May 29, 2021
In light of the many findings presented in this paper, it would appear that temperatures in this portion of the Shanxi Province of China are no warmer than during the Medieval Warm Period and not quite as warm as the Sui-Tang Warm Period, revealing there is nothing unusual, unnatural or unprecedented about modern temperatures and that rising atmospheric CO2 concentrations are having little, if any, impact on them. Wang et al.'s work also demonstrates that social unrest and war are far more likely to occur when temperatures are cooling as opposed to warming, which relationship is in direct contrast to that promoted by climate alarmists.
A 4000-Year Record of Climate and War in China
As shown in the figure, although there have been multiple centennial-scale fluctuations, there has been an overall decline in temperature over the 4000 year record, which finding is not surprising, given that the record begins at the warmest interval of the current interglacial period, or Holocene. Notable warm events in the record include what the authors refer to as the Sui-Tang Warm Period (1270-1040 cal yr BP), the Medieval Warm Period (~970-570 cal yr BP) and the modern warm period, during which times the percent cold taxa reached a similar low of around 15%, suggesting comparable warmth. Notable cold events, in contrast, included the Chinese Period of Disunity (~1700-1270 cal yr BP), the Era of the Five Dynasties and Ten Kingdoms (~1040-970 cal yr BP) and the Little Ice Age (~570-270 cal yr BP), the latter of which periods had the highest percent of cold taxa in the chironomid reconstruction (~65%) and was thus likely to have been the coldest interval of the 4000-year record.

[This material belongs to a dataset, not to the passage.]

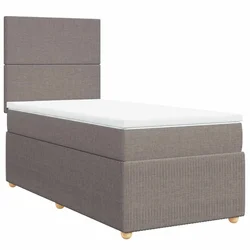 Vidaxl Box spring postelja z vzmetnico taupe 80x200 cm blago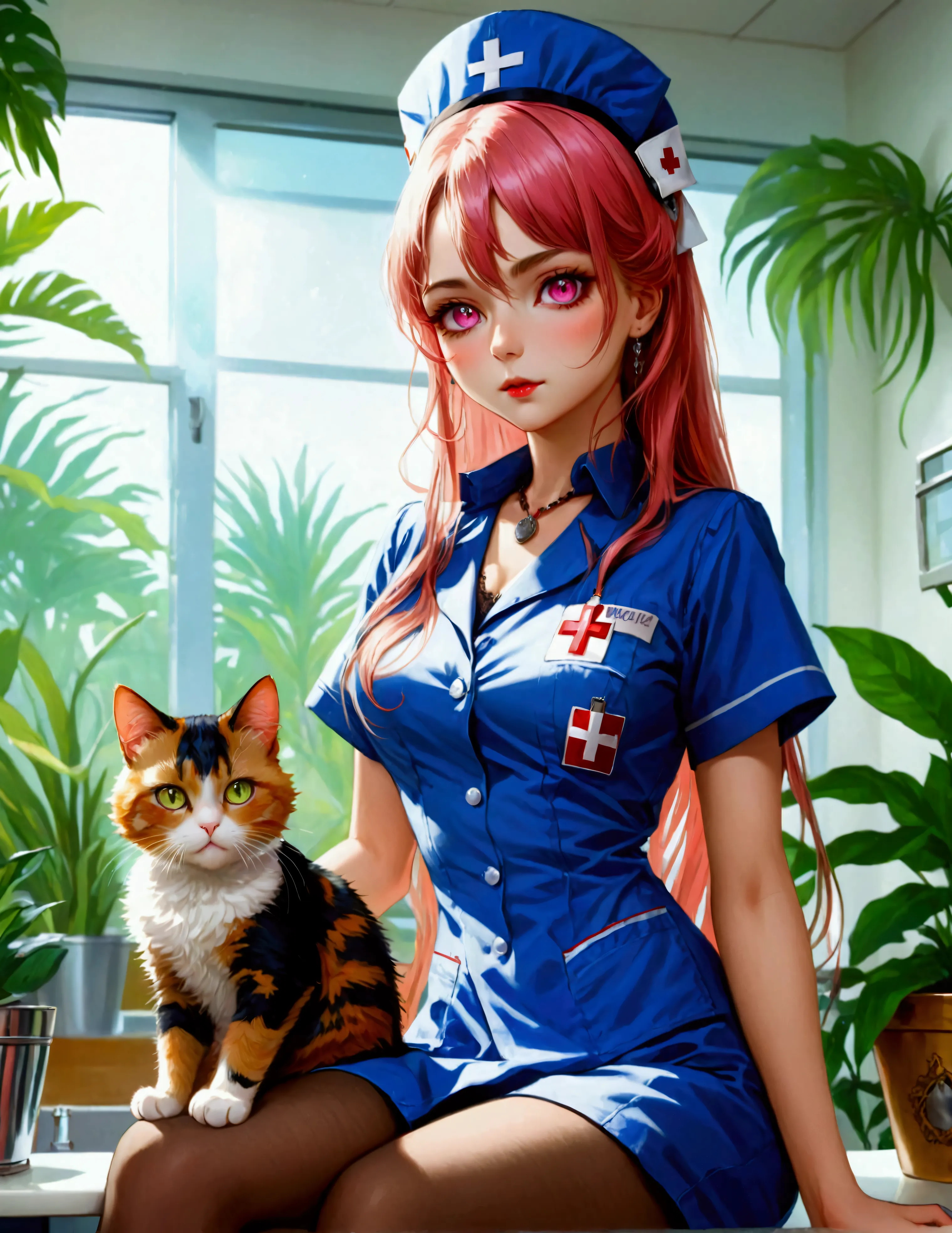 (stunning extravagant) vampire nurse (sitting on counter), (holding calico cat), (tight buttoned-up nurse outfit with rich embel...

In examining the relationship between climate (their chironomid temperature proxy and an independent pollen-based reconstruction from the same lake by Chen et al., 2015) and societal change, Wang et al. report that wars "occurred more frequently when temperature and precipitation decreased abruptly," although war events were more strongly correlated with temperature than precipitation. And in this regard, the most severe era of war events occurred during the coldest period of the record, i.e., the Little Ice Age.
With respect to population, Wang et al. report that "an increase [in population] often occurred during warm periods," which provided relief to the harsh economic pressures brought about by poor crop harvests during colder periods, when yields were reduced by as much as 50%. Not surprisingly, reduced crop yields during cold eras would trigger higher food prices and famine, creating "large numbers of homeless refugees and outbreaks of plague," eventually resulting in "wars and social unrest which acted to reduce the population size."